→ What you will do
In the records below, the line with "show from 10.01.25" opens the range and the line with "AED 1,200 P.M" closes it; print that range exactly and nothing else.

[Data records]
================

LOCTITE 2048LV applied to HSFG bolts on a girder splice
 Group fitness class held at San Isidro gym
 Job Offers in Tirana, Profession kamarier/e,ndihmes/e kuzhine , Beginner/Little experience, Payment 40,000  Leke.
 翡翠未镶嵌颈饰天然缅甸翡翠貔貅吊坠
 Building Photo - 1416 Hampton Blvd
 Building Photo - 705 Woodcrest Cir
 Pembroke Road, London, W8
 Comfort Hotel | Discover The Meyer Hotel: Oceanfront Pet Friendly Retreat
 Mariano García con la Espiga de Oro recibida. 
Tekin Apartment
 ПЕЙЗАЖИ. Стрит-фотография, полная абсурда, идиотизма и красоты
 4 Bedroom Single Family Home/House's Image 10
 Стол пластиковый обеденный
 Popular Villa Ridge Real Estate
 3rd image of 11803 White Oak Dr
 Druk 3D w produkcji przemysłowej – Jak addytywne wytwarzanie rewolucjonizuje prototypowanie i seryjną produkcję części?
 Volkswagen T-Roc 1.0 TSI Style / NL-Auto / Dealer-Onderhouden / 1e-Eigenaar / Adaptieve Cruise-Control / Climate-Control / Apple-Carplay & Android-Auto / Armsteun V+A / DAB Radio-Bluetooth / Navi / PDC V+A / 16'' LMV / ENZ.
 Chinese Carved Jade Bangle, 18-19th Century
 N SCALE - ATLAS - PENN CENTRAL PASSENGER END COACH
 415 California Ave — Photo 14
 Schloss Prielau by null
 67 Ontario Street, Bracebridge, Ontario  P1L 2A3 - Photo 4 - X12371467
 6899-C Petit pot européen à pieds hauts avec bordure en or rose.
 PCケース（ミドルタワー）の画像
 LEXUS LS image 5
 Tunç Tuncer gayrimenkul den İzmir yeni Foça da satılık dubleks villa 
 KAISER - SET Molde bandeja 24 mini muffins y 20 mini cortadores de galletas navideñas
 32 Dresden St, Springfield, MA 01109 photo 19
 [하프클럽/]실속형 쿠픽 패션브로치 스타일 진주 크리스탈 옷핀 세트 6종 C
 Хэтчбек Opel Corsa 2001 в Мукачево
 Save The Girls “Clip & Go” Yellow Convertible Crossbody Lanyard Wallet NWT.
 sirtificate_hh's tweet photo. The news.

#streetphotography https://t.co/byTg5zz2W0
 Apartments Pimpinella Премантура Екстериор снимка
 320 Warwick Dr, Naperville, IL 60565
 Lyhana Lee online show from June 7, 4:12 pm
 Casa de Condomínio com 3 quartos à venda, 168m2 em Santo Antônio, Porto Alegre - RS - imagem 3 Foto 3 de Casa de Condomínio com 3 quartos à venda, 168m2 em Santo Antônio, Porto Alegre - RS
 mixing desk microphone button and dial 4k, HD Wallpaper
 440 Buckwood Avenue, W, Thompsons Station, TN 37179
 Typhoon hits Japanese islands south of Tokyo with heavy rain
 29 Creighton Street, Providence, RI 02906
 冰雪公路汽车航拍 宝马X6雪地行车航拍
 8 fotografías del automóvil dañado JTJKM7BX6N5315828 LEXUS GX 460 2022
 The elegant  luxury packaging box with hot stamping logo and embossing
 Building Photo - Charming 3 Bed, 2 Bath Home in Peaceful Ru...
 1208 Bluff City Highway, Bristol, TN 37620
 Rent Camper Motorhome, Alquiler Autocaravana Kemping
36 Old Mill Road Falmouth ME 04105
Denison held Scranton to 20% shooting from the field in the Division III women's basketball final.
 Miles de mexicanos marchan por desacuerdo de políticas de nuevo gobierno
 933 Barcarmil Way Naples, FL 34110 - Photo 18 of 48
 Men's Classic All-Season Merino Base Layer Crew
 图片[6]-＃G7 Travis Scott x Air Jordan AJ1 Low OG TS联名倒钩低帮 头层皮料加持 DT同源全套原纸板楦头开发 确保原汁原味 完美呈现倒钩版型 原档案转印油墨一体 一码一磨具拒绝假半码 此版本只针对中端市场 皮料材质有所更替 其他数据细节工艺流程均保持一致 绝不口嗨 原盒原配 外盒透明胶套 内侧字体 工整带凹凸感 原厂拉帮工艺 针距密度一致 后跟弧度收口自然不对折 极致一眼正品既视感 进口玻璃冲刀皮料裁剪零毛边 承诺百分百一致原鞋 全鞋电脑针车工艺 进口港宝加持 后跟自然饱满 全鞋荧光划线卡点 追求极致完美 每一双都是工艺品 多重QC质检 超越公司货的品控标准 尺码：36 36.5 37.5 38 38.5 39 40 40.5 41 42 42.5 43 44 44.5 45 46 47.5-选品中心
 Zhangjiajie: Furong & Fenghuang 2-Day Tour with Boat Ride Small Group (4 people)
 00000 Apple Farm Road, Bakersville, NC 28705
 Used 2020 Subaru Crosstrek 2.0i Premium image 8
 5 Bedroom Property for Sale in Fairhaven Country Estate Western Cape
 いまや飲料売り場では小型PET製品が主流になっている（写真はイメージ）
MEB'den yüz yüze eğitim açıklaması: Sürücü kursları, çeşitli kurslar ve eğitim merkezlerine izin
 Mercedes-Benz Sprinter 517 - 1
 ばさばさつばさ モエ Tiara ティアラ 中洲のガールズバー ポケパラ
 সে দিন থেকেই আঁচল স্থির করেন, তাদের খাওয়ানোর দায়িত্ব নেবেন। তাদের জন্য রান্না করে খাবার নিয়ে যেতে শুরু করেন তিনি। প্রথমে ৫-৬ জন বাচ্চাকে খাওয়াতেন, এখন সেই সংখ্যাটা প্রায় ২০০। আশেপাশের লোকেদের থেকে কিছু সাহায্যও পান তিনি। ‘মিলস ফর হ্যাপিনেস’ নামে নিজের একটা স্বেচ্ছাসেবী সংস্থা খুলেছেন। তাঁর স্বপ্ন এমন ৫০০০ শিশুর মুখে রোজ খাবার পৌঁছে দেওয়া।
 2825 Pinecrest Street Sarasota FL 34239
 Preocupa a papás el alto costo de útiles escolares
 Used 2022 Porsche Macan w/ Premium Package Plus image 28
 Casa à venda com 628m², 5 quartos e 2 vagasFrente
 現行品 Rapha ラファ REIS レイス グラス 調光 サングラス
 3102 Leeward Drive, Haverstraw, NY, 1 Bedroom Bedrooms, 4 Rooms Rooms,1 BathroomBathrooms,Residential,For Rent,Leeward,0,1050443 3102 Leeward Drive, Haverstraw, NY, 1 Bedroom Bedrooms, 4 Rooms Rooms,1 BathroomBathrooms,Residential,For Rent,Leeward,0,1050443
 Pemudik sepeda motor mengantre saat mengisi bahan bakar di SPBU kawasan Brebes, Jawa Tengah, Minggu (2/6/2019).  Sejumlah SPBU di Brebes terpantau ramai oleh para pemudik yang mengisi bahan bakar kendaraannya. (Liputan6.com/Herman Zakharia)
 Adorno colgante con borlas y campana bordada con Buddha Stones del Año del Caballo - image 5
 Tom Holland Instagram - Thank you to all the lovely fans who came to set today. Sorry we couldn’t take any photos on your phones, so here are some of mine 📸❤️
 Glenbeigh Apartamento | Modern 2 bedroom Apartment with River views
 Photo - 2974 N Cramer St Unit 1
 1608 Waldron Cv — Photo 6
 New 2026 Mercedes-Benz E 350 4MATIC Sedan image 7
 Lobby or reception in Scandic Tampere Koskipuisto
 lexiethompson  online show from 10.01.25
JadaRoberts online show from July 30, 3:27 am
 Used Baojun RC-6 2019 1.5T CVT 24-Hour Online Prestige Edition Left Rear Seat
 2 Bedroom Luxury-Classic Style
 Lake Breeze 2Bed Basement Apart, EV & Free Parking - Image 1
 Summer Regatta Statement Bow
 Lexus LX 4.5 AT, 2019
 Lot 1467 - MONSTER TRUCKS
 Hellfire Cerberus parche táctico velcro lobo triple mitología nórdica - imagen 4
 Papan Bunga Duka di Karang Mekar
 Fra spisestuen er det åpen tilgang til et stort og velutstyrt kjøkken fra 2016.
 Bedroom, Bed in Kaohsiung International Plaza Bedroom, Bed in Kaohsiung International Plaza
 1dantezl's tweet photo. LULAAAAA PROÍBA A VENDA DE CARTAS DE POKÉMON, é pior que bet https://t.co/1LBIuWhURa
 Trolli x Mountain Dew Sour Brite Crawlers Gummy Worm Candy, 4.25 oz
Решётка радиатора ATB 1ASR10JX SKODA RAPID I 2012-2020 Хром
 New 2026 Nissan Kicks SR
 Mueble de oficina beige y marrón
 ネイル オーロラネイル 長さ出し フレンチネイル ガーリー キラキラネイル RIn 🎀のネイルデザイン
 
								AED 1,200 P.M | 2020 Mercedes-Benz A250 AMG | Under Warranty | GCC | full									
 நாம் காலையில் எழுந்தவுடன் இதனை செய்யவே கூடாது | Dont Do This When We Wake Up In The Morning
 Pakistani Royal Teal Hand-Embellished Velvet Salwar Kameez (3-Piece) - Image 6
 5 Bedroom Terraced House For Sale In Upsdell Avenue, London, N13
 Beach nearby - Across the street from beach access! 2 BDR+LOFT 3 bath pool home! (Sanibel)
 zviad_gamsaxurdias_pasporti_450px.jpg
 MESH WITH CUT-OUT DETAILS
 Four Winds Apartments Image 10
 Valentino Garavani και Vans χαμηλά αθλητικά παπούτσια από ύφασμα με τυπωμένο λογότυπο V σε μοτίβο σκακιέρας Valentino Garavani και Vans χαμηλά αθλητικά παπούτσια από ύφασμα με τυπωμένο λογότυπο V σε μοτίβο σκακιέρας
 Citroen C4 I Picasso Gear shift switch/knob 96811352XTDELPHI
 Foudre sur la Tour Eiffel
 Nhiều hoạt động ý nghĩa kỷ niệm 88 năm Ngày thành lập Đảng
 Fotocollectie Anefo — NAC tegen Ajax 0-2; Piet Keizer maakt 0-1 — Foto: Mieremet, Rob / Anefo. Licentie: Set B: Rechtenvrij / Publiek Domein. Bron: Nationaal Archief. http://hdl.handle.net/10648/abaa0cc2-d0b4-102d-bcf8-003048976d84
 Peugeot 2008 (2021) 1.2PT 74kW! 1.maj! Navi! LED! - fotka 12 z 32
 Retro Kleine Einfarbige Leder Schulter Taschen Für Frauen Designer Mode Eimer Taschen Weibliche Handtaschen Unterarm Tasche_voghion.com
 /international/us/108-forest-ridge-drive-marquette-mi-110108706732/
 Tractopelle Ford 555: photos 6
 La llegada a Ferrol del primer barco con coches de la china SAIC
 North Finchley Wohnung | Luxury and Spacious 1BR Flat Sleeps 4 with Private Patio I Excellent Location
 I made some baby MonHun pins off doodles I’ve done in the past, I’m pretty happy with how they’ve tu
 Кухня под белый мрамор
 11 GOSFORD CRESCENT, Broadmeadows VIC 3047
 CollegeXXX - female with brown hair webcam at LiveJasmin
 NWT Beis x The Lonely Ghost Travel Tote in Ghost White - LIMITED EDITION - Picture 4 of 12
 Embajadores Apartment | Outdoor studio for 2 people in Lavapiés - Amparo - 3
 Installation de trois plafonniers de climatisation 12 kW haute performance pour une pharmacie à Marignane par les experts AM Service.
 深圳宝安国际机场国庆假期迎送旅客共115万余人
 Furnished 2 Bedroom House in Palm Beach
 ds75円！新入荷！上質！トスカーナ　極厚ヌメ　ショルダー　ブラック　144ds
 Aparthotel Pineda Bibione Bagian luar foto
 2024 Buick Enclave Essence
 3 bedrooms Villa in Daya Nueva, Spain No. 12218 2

================

→ Written response
 lexiethompson  online show from 10.01.25
JadaRoberts online show from July 30, 3:27 am
 Used Baojun RC-6 2019 1.5T CVT 24-Hour Online Prestige Edition Left Rear Seat
 2 Bedroom Luxury-Classic Style
 Lake Breeze 2Bed Basement Apart, EV & Free Parking - Image 1
 Summer Regatta Statement Bow
 Lexus LX 4.5 AT, 2019
 Lot 1467 - MONSTER TRUCKS
 Hellfire Cerberus parche táctico velcro lobo triple mitología nórdica - imagen 4
 Papan Bunga Duka di Karang Mekar
 Fra spisestuen er det åpen tilgang til et stort og velutstyrt kjøkken fra 2016.
 Bedroom, Bed in Kaohsiung International Plaza Bedroom, Bed in Kaohsiung International Plaza
 1dantezl's tweet photo. LULAAAAA PROÍBA A VENDA DE CARTAS DE POKÉMON, é pior que bet https://t.co/1LBIuWhURa
 Trolli x Mountain Dew Sour Brite Crawlers Gummy Worm Candy, 4.25 oz
Решётка радиатора ATB 1ASR10JX SKODA RAPID I 2012-2020 Хром
 New 2026 Nissan Kicks SR
 Mueble de oficina beige y marrón
 ネイル オーロラネイル 長さ出し フレンチネイル ガーリー キラキラネイル RIn 🎀のネイルデザイン
 
								AED 1,200 P.M | 2020 Mercedes-Benz A250 AMG | Under Warranty | GCC | full									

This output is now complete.